#### Required action:
Every line below between the one holding "Apartment 119" and the one holding "How to Choose Aquascaping", inclusive, should be copied exactly, and no other line.

Stored data:

-------

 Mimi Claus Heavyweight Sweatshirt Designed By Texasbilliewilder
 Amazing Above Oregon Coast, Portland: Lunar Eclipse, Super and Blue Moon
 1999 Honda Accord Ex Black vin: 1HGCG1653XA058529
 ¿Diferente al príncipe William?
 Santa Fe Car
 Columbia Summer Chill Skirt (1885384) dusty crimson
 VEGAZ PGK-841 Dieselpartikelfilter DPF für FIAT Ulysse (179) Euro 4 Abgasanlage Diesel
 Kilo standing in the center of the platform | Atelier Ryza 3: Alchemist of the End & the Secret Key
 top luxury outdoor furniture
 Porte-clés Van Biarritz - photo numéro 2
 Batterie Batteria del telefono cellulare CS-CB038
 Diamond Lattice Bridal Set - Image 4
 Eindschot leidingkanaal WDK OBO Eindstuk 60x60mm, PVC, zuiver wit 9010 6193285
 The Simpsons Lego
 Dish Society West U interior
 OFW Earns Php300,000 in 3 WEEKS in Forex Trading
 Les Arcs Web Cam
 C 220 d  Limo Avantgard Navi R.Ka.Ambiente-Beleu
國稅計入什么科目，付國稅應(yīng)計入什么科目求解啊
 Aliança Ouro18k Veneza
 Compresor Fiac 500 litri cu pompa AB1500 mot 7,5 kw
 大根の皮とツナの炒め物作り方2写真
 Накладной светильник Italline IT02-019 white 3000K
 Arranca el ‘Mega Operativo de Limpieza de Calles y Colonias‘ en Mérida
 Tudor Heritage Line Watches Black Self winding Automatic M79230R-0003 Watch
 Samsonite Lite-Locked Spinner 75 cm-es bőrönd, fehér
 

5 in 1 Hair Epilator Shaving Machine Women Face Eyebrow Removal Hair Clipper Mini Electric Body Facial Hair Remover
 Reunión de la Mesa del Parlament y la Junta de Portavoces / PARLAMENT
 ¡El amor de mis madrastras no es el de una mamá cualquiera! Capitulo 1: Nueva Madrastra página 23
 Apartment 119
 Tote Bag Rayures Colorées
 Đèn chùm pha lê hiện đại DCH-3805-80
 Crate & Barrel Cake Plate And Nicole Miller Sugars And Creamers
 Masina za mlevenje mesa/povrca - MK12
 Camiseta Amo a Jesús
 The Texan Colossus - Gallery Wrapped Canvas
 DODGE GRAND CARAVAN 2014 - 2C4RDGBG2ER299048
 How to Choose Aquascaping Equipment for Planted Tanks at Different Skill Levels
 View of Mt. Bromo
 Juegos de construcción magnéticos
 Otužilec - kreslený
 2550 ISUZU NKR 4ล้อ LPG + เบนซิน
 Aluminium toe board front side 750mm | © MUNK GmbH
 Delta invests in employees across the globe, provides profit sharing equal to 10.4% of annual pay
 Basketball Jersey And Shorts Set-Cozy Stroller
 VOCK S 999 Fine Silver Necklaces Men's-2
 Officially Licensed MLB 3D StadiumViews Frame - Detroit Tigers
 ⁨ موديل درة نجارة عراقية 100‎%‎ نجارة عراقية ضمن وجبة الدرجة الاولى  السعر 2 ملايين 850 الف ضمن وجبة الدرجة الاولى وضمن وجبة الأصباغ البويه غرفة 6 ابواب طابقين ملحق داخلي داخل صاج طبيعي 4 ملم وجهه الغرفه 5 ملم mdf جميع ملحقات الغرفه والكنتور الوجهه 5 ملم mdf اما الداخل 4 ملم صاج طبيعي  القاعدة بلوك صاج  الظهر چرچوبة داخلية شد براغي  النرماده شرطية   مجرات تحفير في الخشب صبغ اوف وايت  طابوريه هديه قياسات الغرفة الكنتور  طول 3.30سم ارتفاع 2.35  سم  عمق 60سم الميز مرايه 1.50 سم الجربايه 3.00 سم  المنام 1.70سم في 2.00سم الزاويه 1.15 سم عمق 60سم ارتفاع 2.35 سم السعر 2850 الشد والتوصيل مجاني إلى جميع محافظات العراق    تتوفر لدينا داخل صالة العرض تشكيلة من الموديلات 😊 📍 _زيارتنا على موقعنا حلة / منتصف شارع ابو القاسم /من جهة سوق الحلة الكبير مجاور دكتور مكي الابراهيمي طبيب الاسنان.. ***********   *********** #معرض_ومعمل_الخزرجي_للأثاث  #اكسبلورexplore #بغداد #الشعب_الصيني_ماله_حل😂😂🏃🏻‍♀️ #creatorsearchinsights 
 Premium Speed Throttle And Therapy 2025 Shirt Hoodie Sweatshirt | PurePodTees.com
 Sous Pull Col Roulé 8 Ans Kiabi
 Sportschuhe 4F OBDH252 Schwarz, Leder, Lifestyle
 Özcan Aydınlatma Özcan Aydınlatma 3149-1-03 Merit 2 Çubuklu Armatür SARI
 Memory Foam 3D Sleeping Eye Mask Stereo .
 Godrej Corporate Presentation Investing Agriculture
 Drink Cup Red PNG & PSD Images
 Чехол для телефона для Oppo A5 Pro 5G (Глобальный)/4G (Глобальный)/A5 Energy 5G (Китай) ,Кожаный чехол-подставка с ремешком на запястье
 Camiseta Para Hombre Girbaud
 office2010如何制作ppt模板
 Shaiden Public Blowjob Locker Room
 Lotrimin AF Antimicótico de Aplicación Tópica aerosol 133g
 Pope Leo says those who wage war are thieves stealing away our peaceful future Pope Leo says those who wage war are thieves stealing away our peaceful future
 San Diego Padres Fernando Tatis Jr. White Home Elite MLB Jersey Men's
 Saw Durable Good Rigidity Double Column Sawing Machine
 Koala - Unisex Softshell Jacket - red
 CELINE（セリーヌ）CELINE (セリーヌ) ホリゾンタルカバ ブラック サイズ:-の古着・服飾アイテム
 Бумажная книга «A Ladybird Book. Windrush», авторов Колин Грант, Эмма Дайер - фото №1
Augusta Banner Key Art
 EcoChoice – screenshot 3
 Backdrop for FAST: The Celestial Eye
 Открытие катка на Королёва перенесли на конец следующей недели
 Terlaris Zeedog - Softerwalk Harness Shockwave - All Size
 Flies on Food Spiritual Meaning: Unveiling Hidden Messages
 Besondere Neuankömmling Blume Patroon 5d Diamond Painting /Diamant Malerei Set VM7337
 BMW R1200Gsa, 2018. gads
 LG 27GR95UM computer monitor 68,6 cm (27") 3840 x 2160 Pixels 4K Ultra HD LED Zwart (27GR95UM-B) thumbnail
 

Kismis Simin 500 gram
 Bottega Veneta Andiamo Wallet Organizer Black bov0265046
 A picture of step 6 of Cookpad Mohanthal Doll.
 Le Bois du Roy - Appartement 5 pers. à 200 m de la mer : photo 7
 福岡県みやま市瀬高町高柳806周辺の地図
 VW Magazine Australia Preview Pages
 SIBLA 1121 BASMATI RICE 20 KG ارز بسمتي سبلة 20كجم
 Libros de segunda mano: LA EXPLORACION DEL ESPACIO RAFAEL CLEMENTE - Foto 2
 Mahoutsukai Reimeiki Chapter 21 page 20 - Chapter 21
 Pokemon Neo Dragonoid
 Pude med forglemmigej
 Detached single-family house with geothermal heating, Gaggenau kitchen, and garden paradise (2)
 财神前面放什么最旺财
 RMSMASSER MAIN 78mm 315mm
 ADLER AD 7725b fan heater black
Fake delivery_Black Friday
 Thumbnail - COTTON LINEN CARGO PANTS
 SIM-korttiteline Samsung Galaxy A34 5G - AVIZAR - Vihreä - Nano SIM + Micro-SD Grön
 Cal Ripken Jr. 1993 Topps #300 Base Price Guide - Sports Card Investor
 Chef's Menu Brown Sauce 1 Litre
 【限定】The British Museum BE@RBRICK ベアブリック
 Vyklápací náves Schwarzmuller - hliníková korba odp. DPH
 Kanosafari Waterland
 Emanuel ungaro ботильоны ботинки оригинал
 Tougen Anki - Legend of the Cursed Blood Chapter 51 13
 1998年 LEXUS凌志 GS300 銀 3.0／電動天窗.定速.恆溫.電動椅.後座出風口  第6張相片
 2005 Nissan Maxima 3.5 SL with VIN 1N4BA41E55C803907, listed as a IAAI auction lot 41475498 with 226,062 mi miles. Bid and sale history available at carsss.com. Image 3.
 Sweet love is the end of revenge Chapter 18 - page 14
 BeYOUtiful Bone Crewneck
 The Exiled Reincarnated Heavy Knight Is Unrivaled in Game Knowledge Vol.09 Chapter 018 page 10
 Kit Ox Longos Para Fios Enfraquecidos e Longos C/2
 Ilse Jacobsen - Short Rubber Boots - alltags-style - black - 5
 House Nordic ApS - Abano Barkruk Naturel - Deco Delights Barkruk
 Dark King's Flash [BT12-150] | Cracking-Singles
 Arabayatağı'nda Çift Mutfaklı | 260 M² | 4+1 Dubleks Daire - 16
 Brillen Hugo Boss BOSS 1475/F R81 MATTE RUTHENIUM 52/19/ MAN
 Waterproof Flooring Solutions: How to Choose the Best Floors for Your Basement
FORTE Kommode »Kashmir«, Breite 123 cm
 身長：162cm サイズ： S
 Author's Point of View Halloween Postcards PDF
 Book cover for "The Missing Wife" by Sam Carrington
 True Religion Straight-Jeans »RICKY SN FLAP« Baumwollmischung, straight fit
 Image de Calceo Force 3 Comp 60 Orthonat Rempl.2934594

-------

#### Answer section:
 Apartment 119
 Tote Bag Rayures Colorées
 Đèn chùm pha lê hiện đại DCH-3805-80
 Crate & Barrel Cake Plate And Nicole Miller Sugars And Creamers
 Masina za mlevenje mesa/povrca - MK12
 Camiseta Amo a Jesús
 The Texan Colossus - Gallery Wrapped Canvas
 DODGE GRAND CARAVAN 2014 - 2C4RDGBG2ER299048
 How to Choose Aquascaping Equipment for Planted Tanks at Different Skill Levels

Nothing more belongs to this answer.